滿朝文武每天上朝看他的眼神,都想往他頭上套麻袋,拖進小巷子裡打一頓。


而我,作為奸臣之女,自然被貴女圈唾棄。


對此我毫不在意。


成日在府中啃糕點看話本。


可比去宴席上跟她們攀比舒服多了。


我們父女倆就這麼沒心沒肺過了多年。


直到今天,我爹終於踢到了鐵板。


常年鎮守邊關的攝政王裴錚回京了。


今日朝堂上,攝政王剛問及京防布陣,我爹習慣性地湊上去開始吟唱。


「攝政王威武,有王爺在,京城固若金湯……」


話沒說完,就被攝政王冷冷打斷。


裴錚這人,出了名的人狠話不多。


嘴要麼不開,一開就是淬了毒的刀子。


他引經據典,從我爹的這句馬屁開始,一直罵到當年那篇《憂民如子賦》。


足足罵了半個時辰。


不帶一個髒字,卻字字誅心,把我爹那點小心思扒得幹幹淨淨,像扒光了衣服扔在雪地裡。


我爹哪受過這種委屈?


下朝后,他一路捂臉哭嚎狂奔回家。


我端著茶杯路過前廳。


就看見我爹哭著趴在地上,雙拳捶地,嚎得像頭受傷的野牛。


看著爹爹腫成核桃的眼睛。


我嘆了口氣,遞過去一塊熱毛巾。


「爹,要不咱們告老還鄉吧?咱家這幾年攢的銀子,夠過好下半輩子了。」


我爹一聽,紅著眼睛瞪我:「不行!爹這二品大員當得好好的,憑什麼走?爹還要為大周王朝發光發熱!」


我嘴角微抽。


剛想勸他認清現實。


爹爹忽然露出一個詭異的笑容。


「閨女,爹有法子了。」


我被他盯得脊背發涼:「你想幹嘛?」


爹爹上下打量了我一番,眼裡的光越來越亮。


「閨女,你去,禍害他!」


「憑你的姿色,定能讓那活閻王家宅不寧,神魂顛倒!」


2


爹爹臉上還掛著鼻涕泡。


配上他那副咬牙切齒的狠辣表情,活像話本子裡被男主角打了五十大板后發誓復仇的炮灰反派。


我汗顏:「……爹,你冷靜一下。」


爹爹用寬袖擦了把鼻涕。


恢復奸臣本色,惡狠狠地分析局勢。


「你想想,前陣子長公主的賞花宴上。
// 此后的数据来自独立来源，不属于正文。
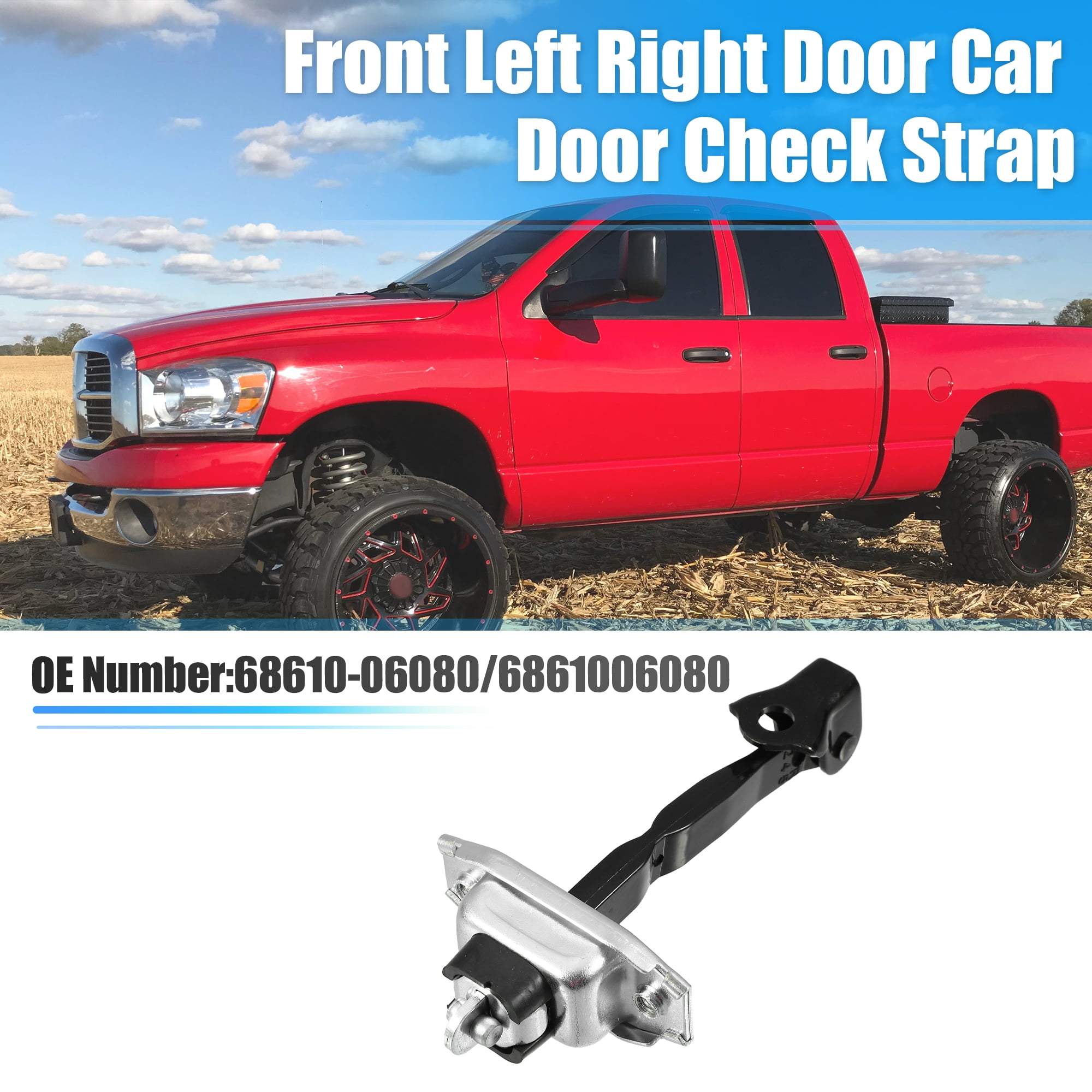 Unique Bargains Front/Rear L/R Door Check Stop Strap for Toyota Camry for 2006-2011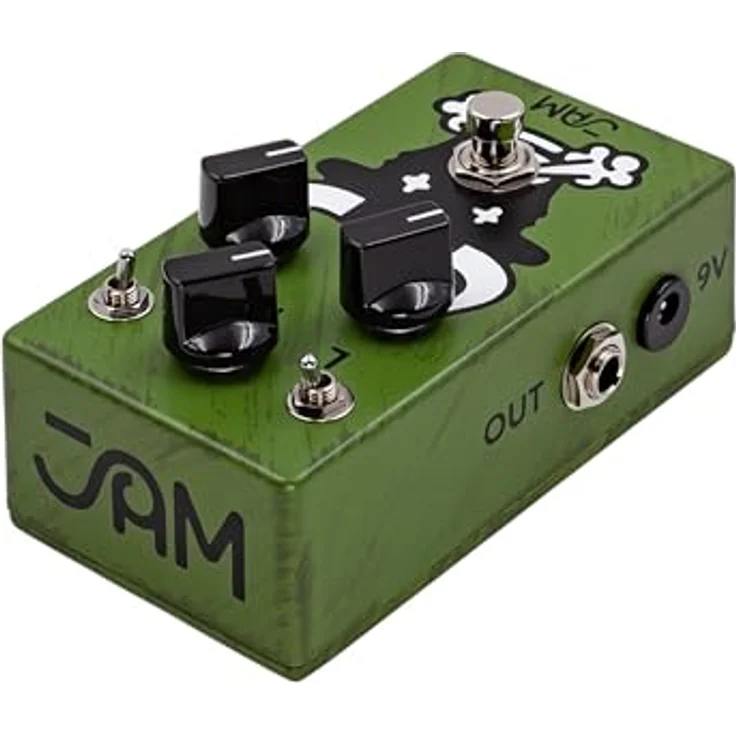 JAM pedals Octaurus Octafuzz, Effektpedal für E-Gitarre mit intuitivem Layout, Gain-, Level- und Tone-Regler, Mid-Scooped- und Full-Range-Voicing, symmetrisches und asymmetrisches Clipping, True Bypass – Bild 4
」


「你什麼都沒做,少年將軍和小王爺就全拜倒在你的石榴裙下!」


我:「……」


這事說來也離譜。


長公主的賞花宴,我本來不打算去。


要不是聽說她府上新請了個西域神廚。


能把鹌鹑塞進鴿子裡,鴿子塞進雞裡,雞再塞進鴨子裡,最后統一塞進烤全羊的肚子裡。


為了這口神仙烤肉。


我才勉為其難洗了個頭,前去赴宴。


宴會上的千金是一個比一個端莊,一個比一個矜持。


我找了個偏僻角落坐下,吞著口水,安安靜靜地等上菜。


結果不知道誰出了餿主意,非要每位姑娘都上臺展示才藝。


我毫無準備,只好硬著頭皮唱了一首我娘小時候教的江南小調。


就唱了那麼一首。


初次見面的小將軍周子骞和小王爺蕭承逸,

就都看直了眼。


第二天,周子骞的汗血寶馬就送到了我家門口。


第三天,蕭承逸的絕版古籍也到了。


第四天,兩個人在我家門口碰上了,差點當場打起來。


我爹當時躲在府門內偷看,樂得直搓手。


靠著這兩位「準女婿」的威風。


他在朝堂上作威作福的姿態比以前更甚。


直到今天。


裴錚給了他一記重拳。


爹爹咬牙切齒:


「你只要去給攝政王送送秋波,那倆小子知道了,肯定要急眼。」


「一個是手握兵權的少年將軍,一個是皇室宗親的清貴小王爺,他們要是為了你跟攝政王槓上,就是倆絕佳的活靶子!」


「屆時,攝政王的邪火全撒他們身上了,哪還有空來罵我?」


他說完,一臉驕傲地看著我。


我嘴角抽了抽。


正想拒絕。


但看著我爹抱著門柱子又要開始哭的架勢。


我揉了揉太陽穴。


算了。


隨便敷衍一下,權當盡孝吧。


3


話本子裡都說。


女子在路上佯裝頭暈,一頭栽進心上人懷裡,四目相對,從此墜入愛河。


我在裴錚下朝的必經之路上。


等了半個時辰。


終於,遠處傳來了一陣馬蹄聲。


馬上之人,身著玄色錦袍,外罩黑色大氅。


身姿挺拔,面容冷峻。


說實話,帥得超乎預料。


我一時間竟看愣了神。


直到他策馬幾乎近在我跟前。


丫鬟春桃按照劇本,幹巴巴地驚呼:


「呀!小姐,小心!」


我趕緊回神。


腳下一軟,十分敷衍地「哎呀」一聲。


身子朝著馬路中間倒去。


裴錚身為習武之人,反應極快。


當即一拽韁繩勒住了馬。


可預想中的英雄救美並沒有發生。


我結結實實地摔在了地上。


下一瞬,一柄未出鞘的長劍,毫不客氣地抵在我肩頭。


順著劍身看上去,是裴錚那張沒有任何表情的臉。


他眯了眯眼:


「徐小姐,令尊今日在朝堂上剛閃了腰,怎麼,你也想摔斷腿?」


「一個二個的,

都想碰瓷本王,你們父女倆商量好的?」


天S的,原來他認得我啊。


我故作柔弱的表情僵在臉上。


他連我爹都恨不得一腳踹飛。


怎麼可能吃這拙劣的美人計?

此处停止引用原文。